“Los antropólogos han tenido suerte en lo que se refiere a su imagen pública. Es notorio que los sociólogos son avinagrados e izquierdistas proveedores de desatinos o perogrulladas, pero los antropólogos se han situado a los pies de los santos hindúes ( ) han presenciado ritos repugnantes y ( ) han ido a donde no había ido ningún hombre” (El antropólogo inocente.ed Anagrama)

Anoche me acosté con Nigel Barley, antropólogo británico del que nada sabía hasta que mi querido amigo M., que siempre me habla de libros de desconozco, me lo regaló con cariño el otro día: “te vas a morir de risa, fijo que te gusta”. Y así es. M. sabe hasta qué punto me gusta reírme de la cotidianidad de las estructuras solemnes. Cuanto más solemnes, mejor. Y eso es lo que hace Barley de sí mismo y del mundo antropológico/ilógico  que le rodea.

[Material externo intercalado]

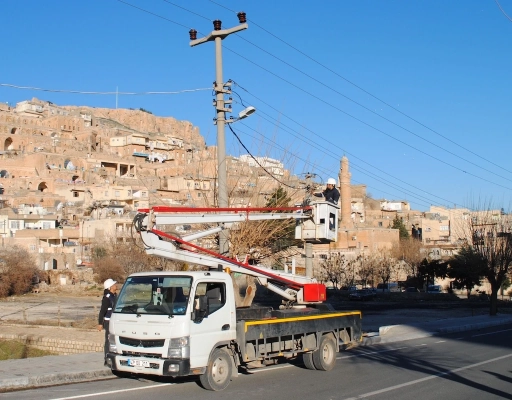 Tarihi Kente Modern Dokunuş:Dicle Elektrik Mardin’de Aydınlatma Altyapısını Güçlendirdi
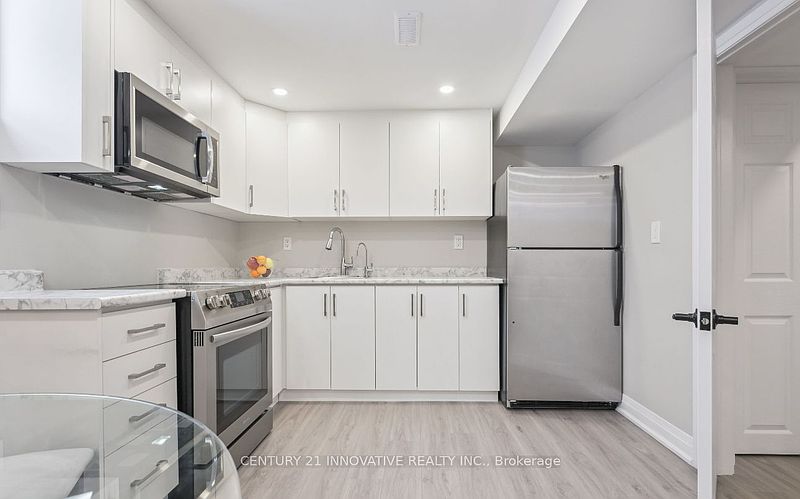 Oakville Townhouse for rent - 2 Bedrooms — photo 2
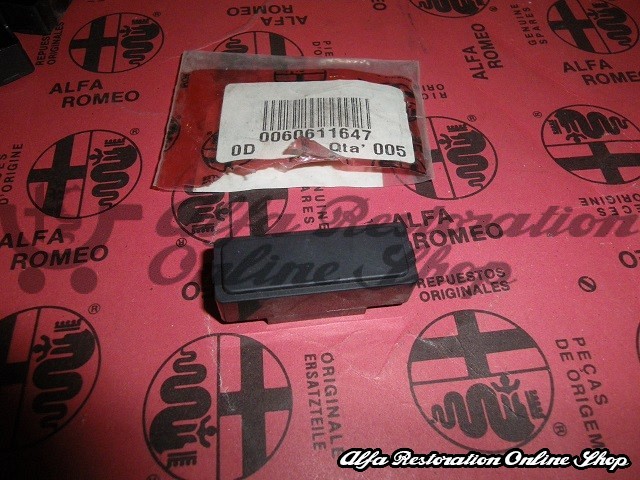 Alfa 145/146/155/164 Rearview Mirror/Front Fog Light Switch Plug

Antes tuve una de mis conversaciones con otro amigo, divertido y catalán, con el que nada es banal pero siempre se teje a carcajadas. Ya he hablado de él. Soltero, treintañero, curioso, gran lector y buenísima persona. R. anda liado con su piso recién reformado, para lo que cuenta con la ayuda inestimable de Blay, su decorador gay. Y me cuenta cómo salen juntos a la caza de piezas únicas. Lo último, una lámpara de cine. “Blay me dijo que iríamos a un almacén y que debía fingir desinterés para conseguir un descuento, me relata. Y así lo hice. En un momento dado veo que me empieza a hacer señales con los ojos muy sobreactuadas, pero yo no entendía nada. Es que para esas cosas soy un poco bobo”, se troncha mi amigo, devorador de ensayos y un crack en ponerme al día de las series de TV que debo ver.
(Descense en paz Megaupload, mi querido R)

Antes de despedirse me describe un momento de clímax con Blay. Los dos en casa, con la lámpara nueva apuntando a una fotografía gigante en la pared, el resto de la casa a oscuras. “Si nos vieras te morías. Ahí como dos tontos mirando fijamente la pared”…

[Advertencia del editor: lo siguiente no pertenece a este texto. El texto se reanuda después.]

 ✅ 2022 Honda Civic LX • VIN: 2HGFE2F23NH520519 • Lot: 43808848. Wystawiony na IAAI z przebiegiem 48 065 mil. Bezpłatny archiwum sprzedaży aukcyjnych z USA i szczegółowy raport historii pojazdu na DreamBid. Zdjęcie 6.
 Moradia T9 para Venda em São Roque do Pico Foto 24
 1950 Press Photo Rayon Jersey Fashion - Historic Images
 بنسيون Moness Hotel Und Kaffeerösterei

Mi tercer amigo en discordia es un aguerrido reportero que le ha visto las tripas a Afganistán y a otros países donde al turista no se le pierde nada. Podría ser el clásico chulo que te da la brasa en las fiestas convirtiéndose en un héroe de sus propios relatos, pero no. J. acostumbra a reservarse el papel de despistado, timorato o  antihéroe, y con su modestia de gigantón (que lo es) dibuja unas historias hiladas desde la ironía y el desengrase que te mantienen alerta, devorando cada palabra. Al final, suele reírse de sí mismo y, de paso, de algunos de los señores importantes con los que alterna. Sólo por eso merece la pena sentarse con él un rato y clavarle la mirada para no desperdiciar una sola de sus anécdotas.

Me parece que a estas alturas de la vida apenas hay asuntos que no podamos desdramatizar. Pasados los cuarenta uno empieza a tener muchas piezas del puzzle, la  partida de ajedrez con las estrategias medio hilvanadas; Y hay que defender la risa y cultivar las amistades que te abren la mente y te oxigenan las ponzoñas cotidianas.

Avisados quedáis. Pienso ser una promiscua y acostarme con lecturas que nunca elegiría yo, sino esos amigos queridos que ayer hicieron que mi día de baja fuera una sucesión de carcajadas.